**DATA FOR REVIEW:**
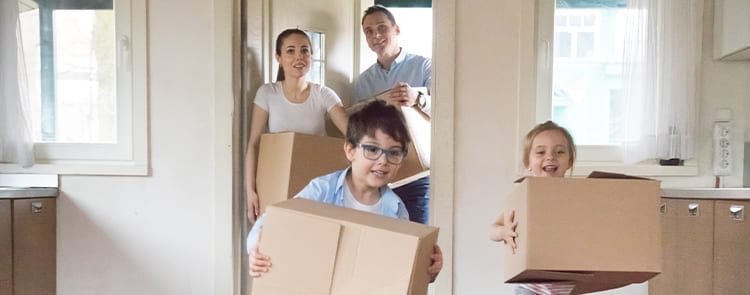 family moving boxes into their new home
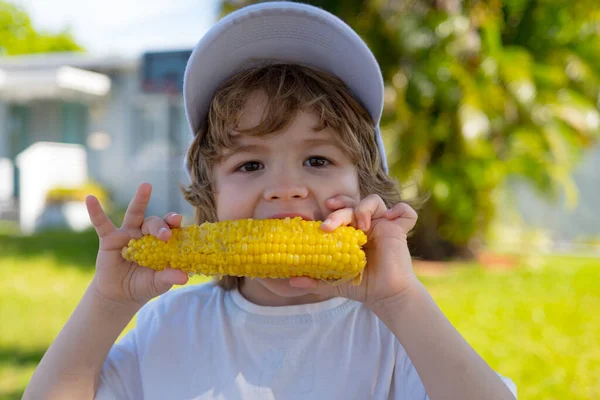 Miúdos a comer milho. Comida para crianças. Bonito menino comer comida saudável no fundo da natureza . — Fotografia de Stock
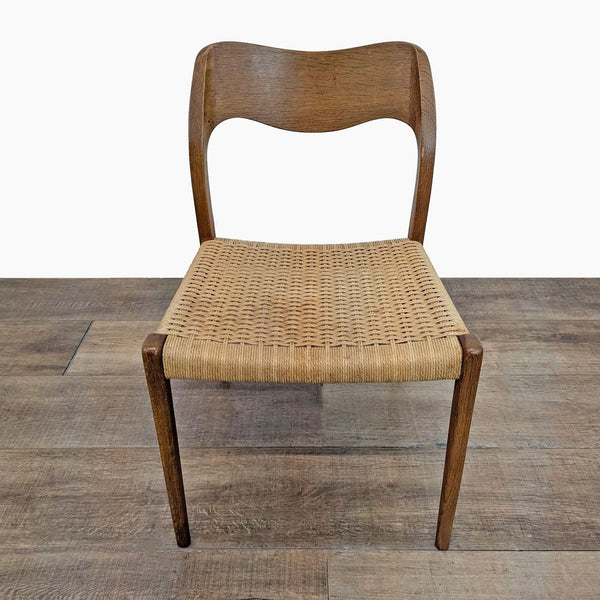 Front view of a Reperch side chair with a solid wood frame and handwoven paper cord seat.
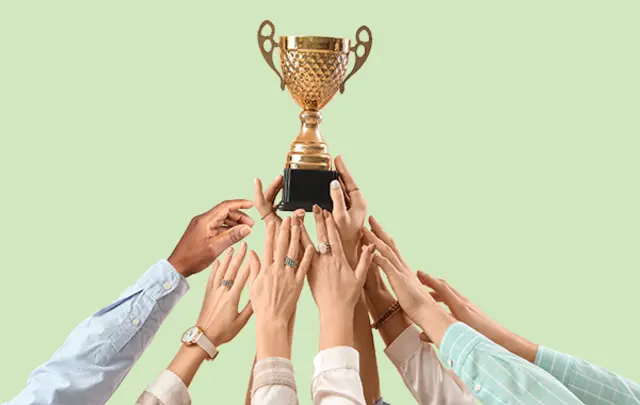 A gold trophy with decorative handles and a black base is centered in the image, surrounded by multiple hands of diverse skin tones and clothing styles reaching upward. 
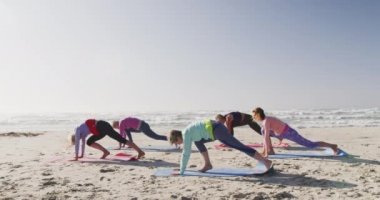 Güneşli bir günde deniz kenarında boş vakit geçiren bir grup beyaz kadın arkadaşın yan görüntüsü. Ağır çekimde yoga alıştırması yapıyorlar.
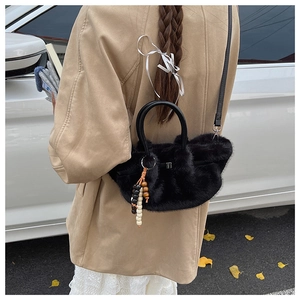 Detail der schwarzen Pelz-Handtasche mit runden Griffen und elegantem Perlenanhänger
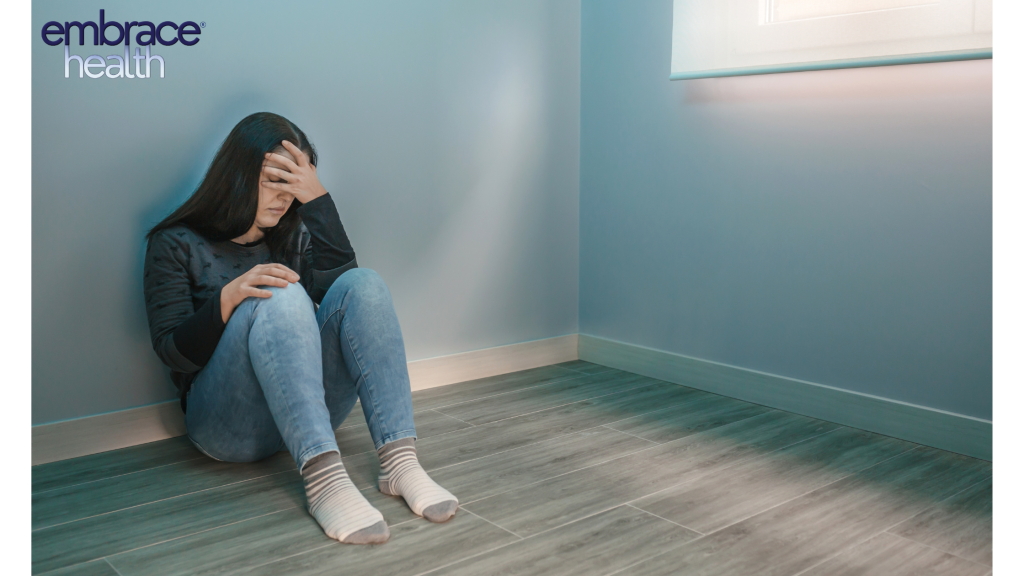 Burnout 1 A woman sitting on the floor with her head in her hands, showing signs of burnout, fatigue, and the mental health challenges many adults face in balancing work, life, and personal well-being.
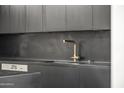 Close-up of a kitchen sink with a modern gold faucet and Miele dishwasher at 4825 N 72Nd Way, Scottsdale, AZ 85251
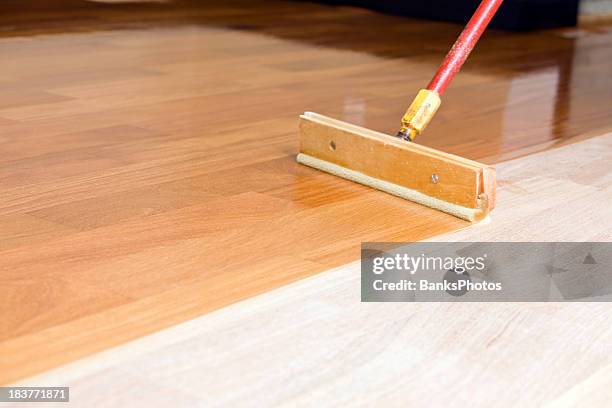 squeegee style brush applying clear polyurethane to hardwood floor - wood floor stockfoto's en -beelden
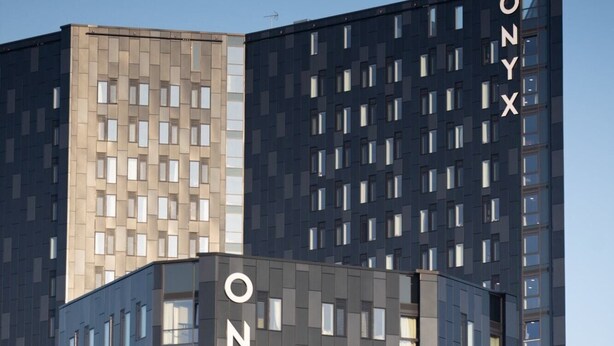 A modern high-rise building with a distinctive angular design, featuring the name 'ONYX' prominently displayed on its facade. - Student Only Onyx (Birmingham)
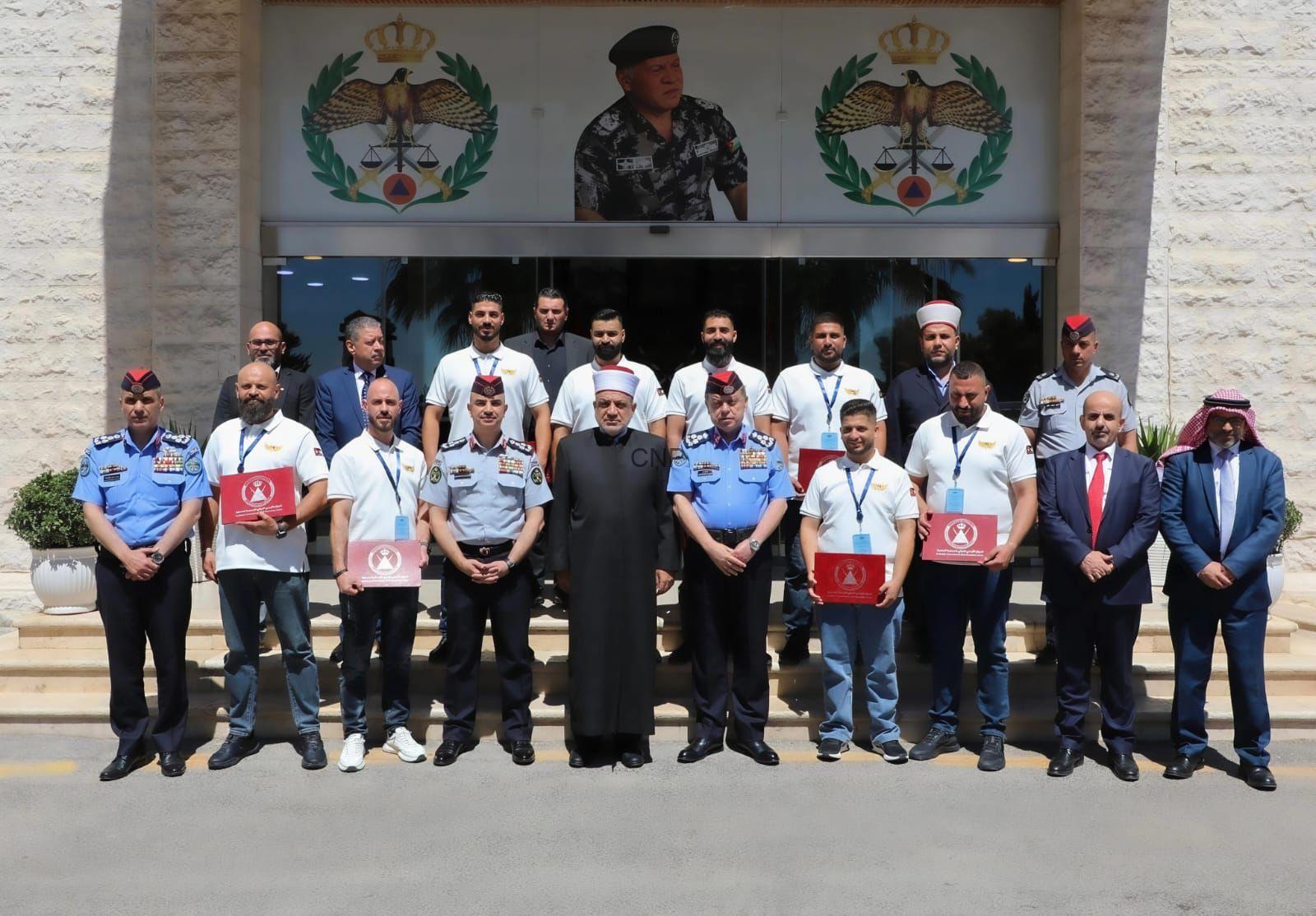 sar - Center News Network Group of uniformed officers and officials posing for a ceremony photo outside a building with emblems above the entrance.
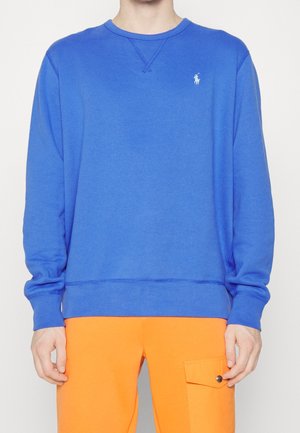 Person iført en blå langærmet sweatshirt med et lille hvidt logo og lyse orange bukser med en sidelomme og knapklap.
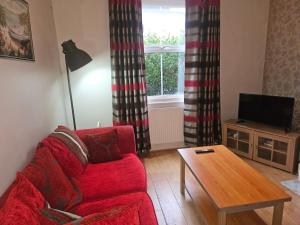 a living room with a red couch and a table at Nice 3 Bedroom House Ealing in London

**DIRECTIONS FOR THIS TASK:** Your answer must be the lines from the one containing "A modern high-rise" through the last line of the records, printed exactly with no pictures; please include both ends.

**ANSWER TO THIS TASK:**
 A modern high-rise building with a distinctive angular design, featuring the name 'ONYX' prominently displayed on its facade. - Student Only Onyx (Birmingham)
 sar - Center News Network Group of uniformed officers and officials posing for a ceremony photo outside a building with emblems above the entrance.
 Person iført en blå langærmet sweatshirt med et lille hvidt logo og lyse orange bukser med en sidelomme og knapklap.
 a living room with a red couch and a table at Nice 3 Bedroom House Ealing in London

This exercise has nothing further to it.